Il n’y a donc rien d’étonnant à ce que les foules changent
éternellement d’opinions, et ce en politique comme dans la morale, la
littérature, l’art, les modes etc. le tout étant par conséquent d’ordre
éphémère. Ce qui est plus que jamais d’actualité…
Pour terminer, Le Bon
analyse les différents types de foules ; il fait notamment une
classification de celles-ci avec d’un coté les foules hétérogènes
rassemblant des individus quelconques et les foules homogènes comprenant
les sectes, les castes et les classes. Aussi, c’est comme type que Le
Bon analyse quelques variétés des foules hétérogènes, avec entre autres
les foules dites criminelles. L’histoire sait à quel point les foules
peuvent devenir sporadiquement criminelles, car il y a bien des moments
où l’acte même du crime reçoit l’approbation unanime des concitoyens.

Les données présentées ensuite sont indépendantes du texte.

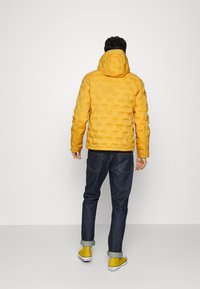 Gul vadderad jacka med huva, med en texturerad yta och en figursydd design, tillsammans med mörka jeans och gula sneakers.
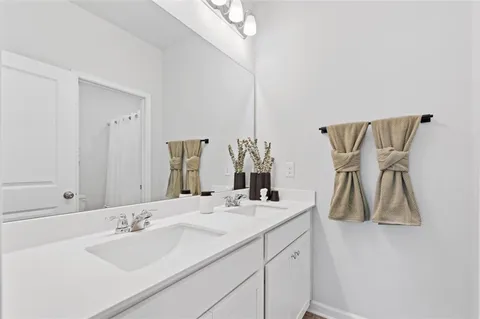 a white toilet sitting next to a white walls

Ici encore, le raisonnement fait défaut au profit de l’emportement
général. Combien la grande terreur a-t-elle guillotiné d’innocents suite
à un simple geste, à une simple parole balancée sous le coup de
l’émotion ? Beaucoup certainement, mais telle est la nature de ces
foules.
Un autre type de foule
encore est celui des foules électorales systématiquement charmées par
le prestige. Elles aiment également à ce qu’on flatte leurs convoitises
et leurs vanités. « Le candidat doit les accabler d’extravagantes
flagorneries, ne pas hésiter à leur faire les plus fantastiques
promesses. » Et celui-ci doit bien évidement user d’affirmation et de
répétition non seulement pour mettre en avant son programme, mais aussi
pour démonter celui de ses adversaires. Une fois de plus, le
raisonnement n’a pas sa place. Les hommes en foule tendent vers
l’égalisation mentale, et cette égalisation ne demande rien d’autre que
des affirmations bruyantes car les opinions des foules ne sont jamais
raisonnées mais plutôt imposées – avec plus ou moins de subtilité selon
l’époque. On est donc en droit de se demander si le suffrage universel
se rapproche d’une quelconque perfection de conception ? d’autant plus
que l’histoire prouve que toujours les civilisations furent l’œuvre
d’une petite minorité d’esprits supérieurs. Mais laissons les forces
invisibles de l’âme des peuples répondre à cette question et s’occuper
de notre destinée.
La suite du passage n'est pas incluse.